- _Task objective_: Starting with the line that has "Cellulitis: Symptoms, Causes, and" and finishing with the line that has "Ss9 Self Expanding", set down each line below exactly. Pictures are not copied.

• • •

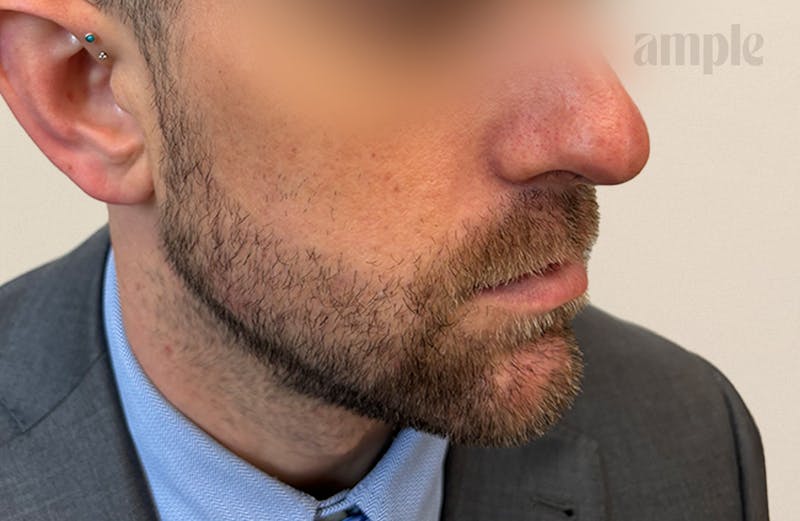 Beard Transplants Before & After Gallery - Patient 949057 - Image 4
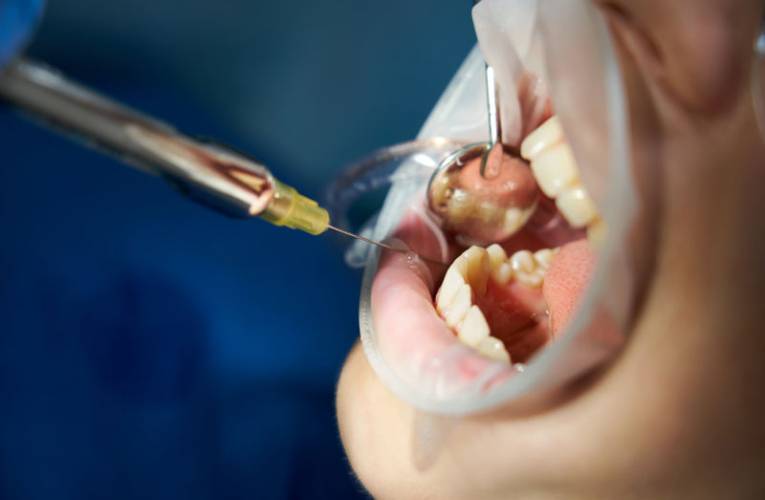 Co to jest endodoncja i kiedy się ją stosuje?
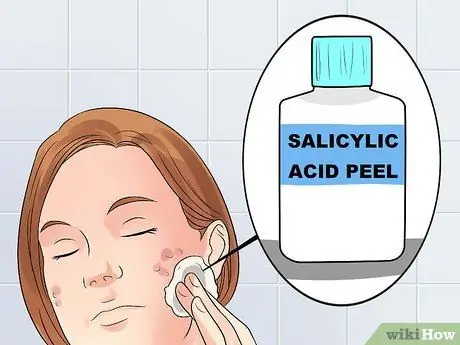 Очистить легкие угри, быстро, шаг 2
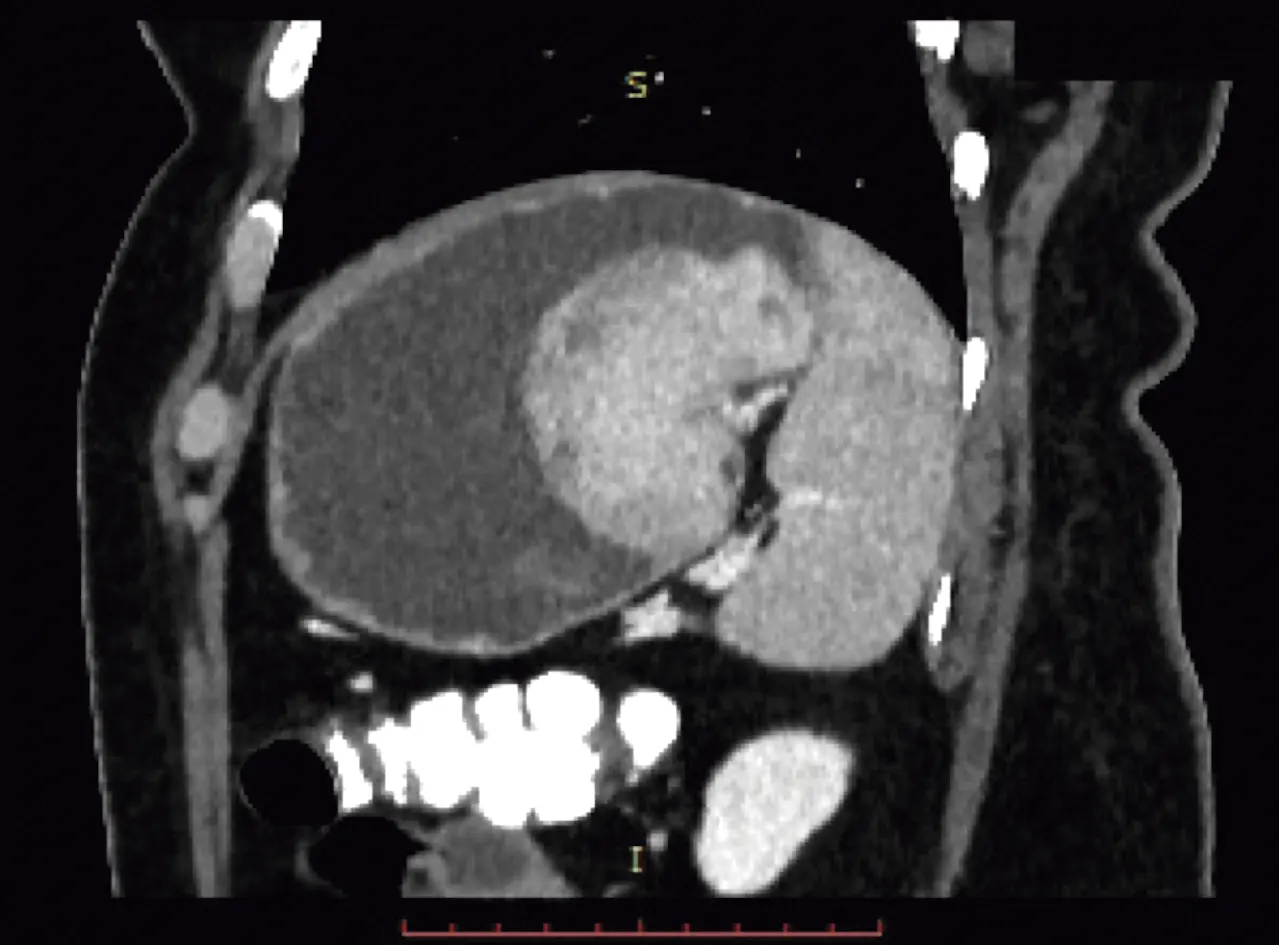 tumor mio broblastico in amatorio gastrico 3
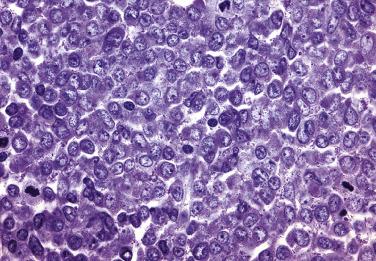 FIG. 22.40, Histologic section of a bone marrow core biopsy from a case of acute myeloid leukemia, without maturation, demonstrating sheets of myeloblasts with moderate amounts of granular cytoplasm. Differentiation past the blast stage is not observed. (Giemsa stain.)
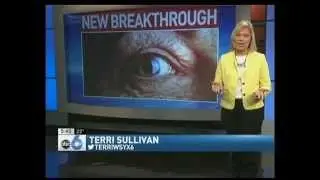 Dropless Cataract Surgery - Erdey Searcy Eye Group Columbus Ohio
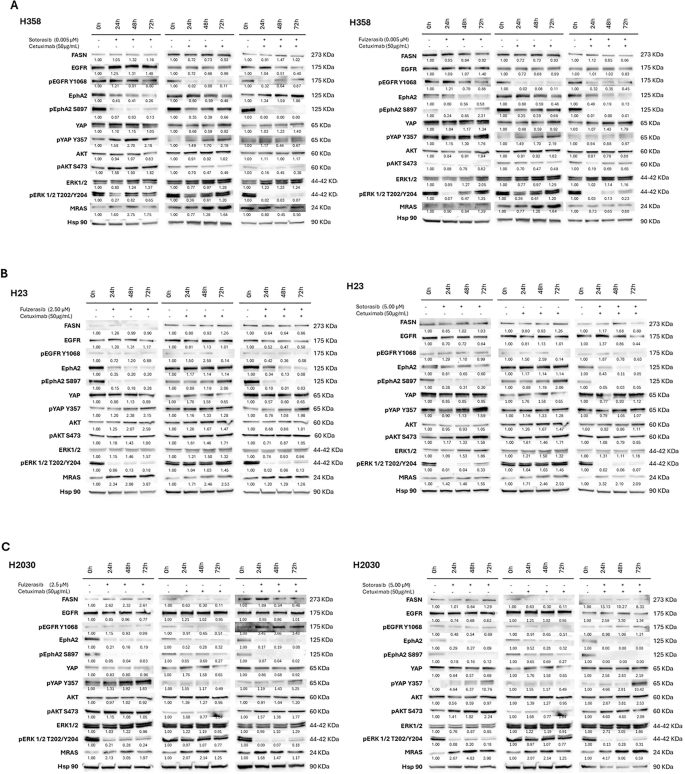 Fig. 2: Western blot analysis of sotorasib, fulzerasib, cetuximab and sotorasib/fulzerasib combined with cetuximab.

• • •

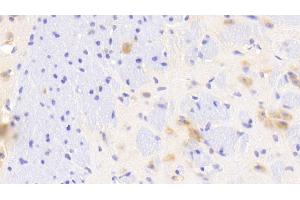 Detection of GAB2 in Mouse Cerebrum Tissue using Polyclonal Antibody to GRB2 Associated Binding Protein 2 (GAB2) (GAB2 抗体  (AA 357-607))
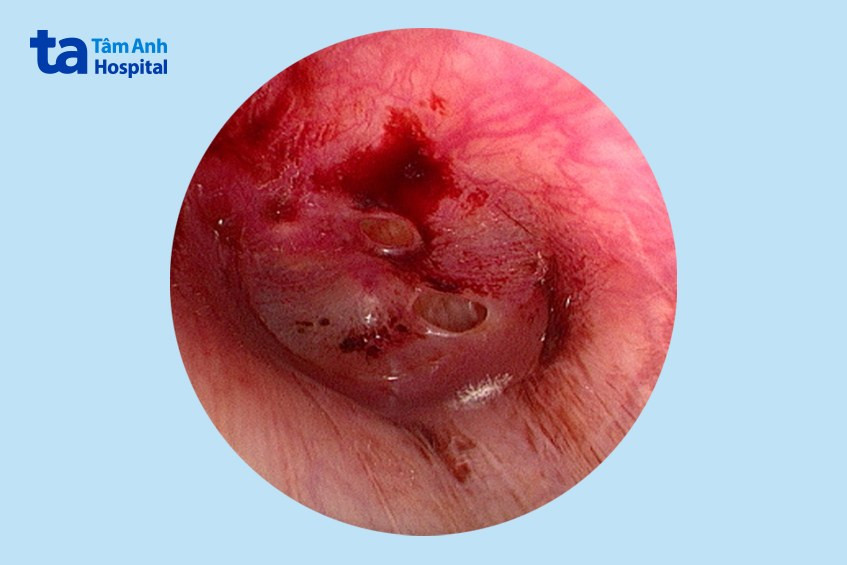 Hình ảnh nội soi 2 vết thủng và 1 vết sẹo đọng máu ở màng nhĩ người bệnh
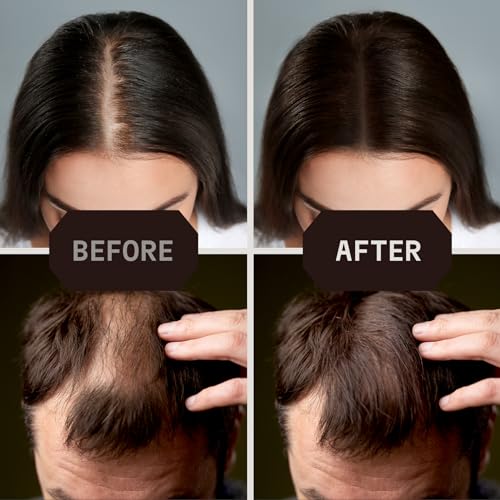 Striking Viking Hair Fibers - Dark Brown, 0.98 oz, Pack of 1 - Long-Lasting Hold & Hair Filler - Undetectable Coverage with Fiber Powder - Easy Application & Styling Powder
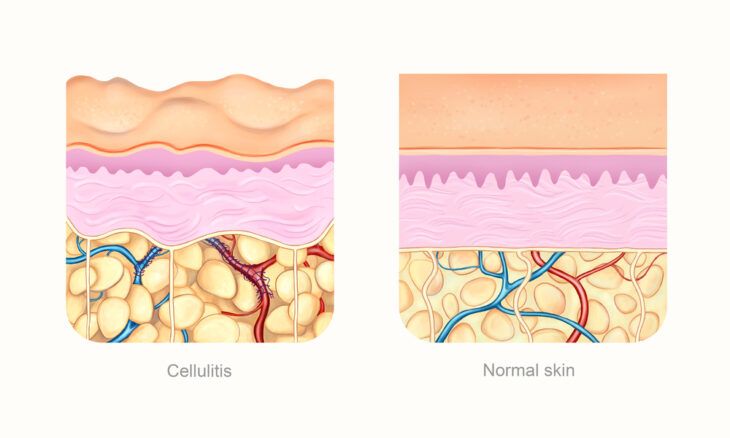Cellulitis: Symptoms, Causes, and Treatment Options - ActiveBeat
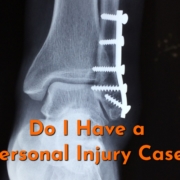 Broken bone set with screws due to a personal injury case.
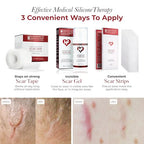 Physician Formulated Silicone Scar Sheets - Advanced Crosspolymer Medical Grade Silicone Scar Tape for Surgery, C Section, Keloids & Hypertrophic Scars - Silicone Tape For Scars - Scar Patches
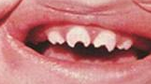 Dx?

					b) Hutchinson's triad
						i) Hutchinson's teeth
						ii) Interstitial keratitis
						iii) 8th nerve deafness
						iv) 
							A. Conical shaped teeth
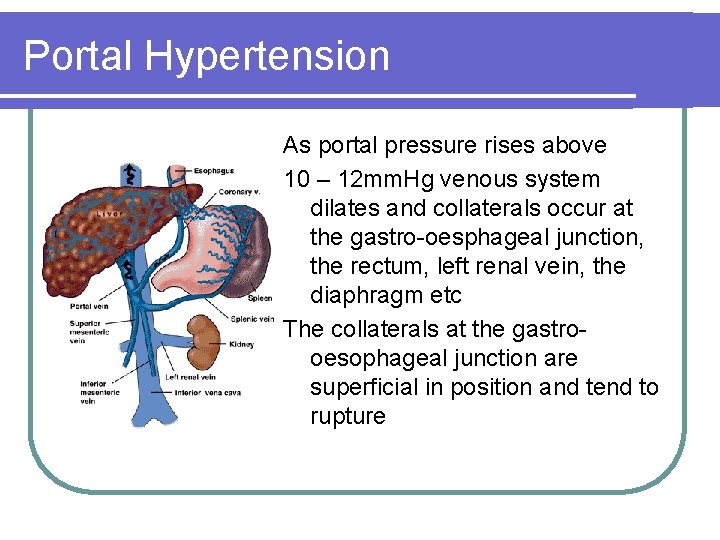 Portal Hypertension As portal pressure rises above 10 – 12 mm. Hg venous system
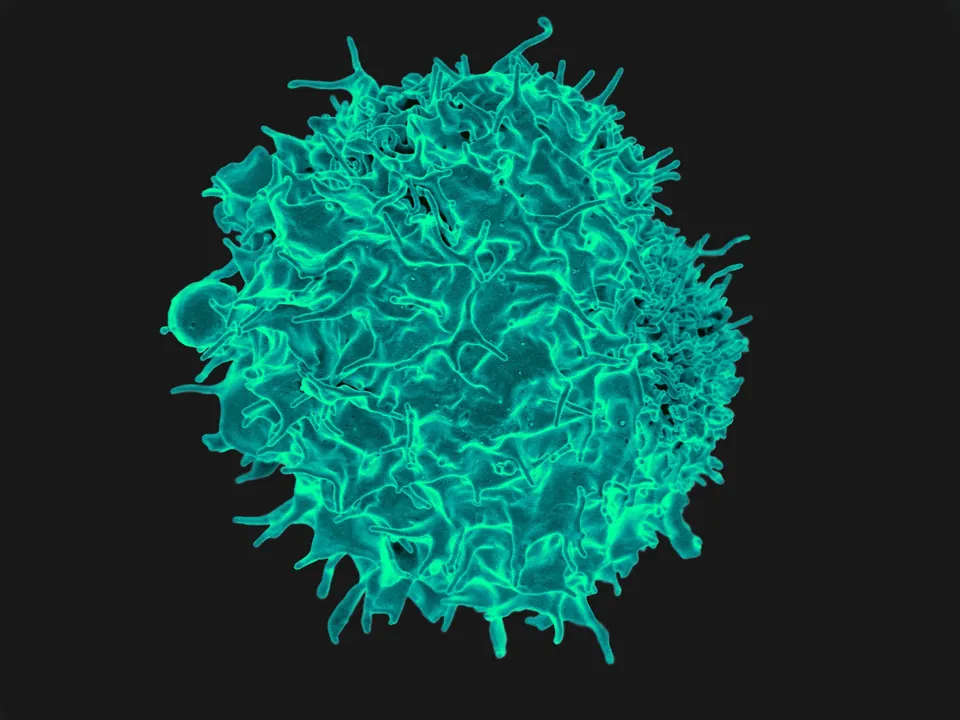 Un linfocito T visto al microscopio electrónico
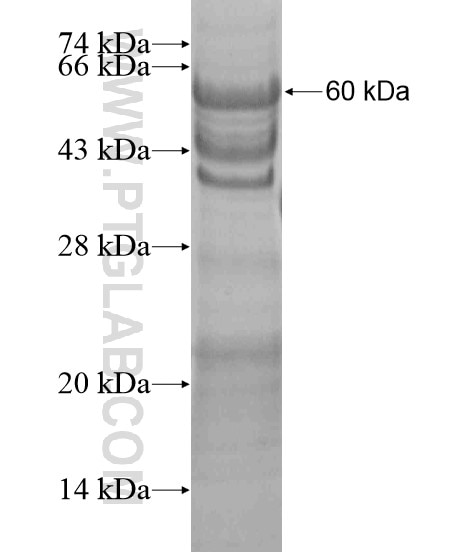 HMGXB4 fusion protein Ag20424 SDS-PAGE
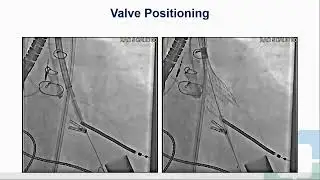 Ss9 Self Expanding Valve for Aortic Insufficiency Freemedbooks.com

• • •

- _Answer section_:
Cellulitis: Symptoms, Causes, and Treatment Options - ActiveBeat
 Broken bone set with screws due to a personal injury case.
 Physician Formulated Silicone Scar Sheets - Advanced Crosspolymer Medical Grade Silicone Scar Tape for Surgery, C Section, Keloids & Hypertrophic Scars - Silicone Tape For Scars - Scar Patches
 Dx?

					b) Hutchinson's triad
						i) Hutchinson's teeth
						ii) Interstitial keratitis
						iii) 8th nerve deafness
						iv) 
							A. Conical shaped teeth
 Portal Hypertension As portal pressure rises above 10 – 12 mm. Hg venous system
 Un linfocito T visto al microscopio electrónico
 HMGXB4 fusion protein Ag20424 SDS-PAGE
 Ss9 Self Expanding Valve for Aortic Insufficiency Freemedbooks.com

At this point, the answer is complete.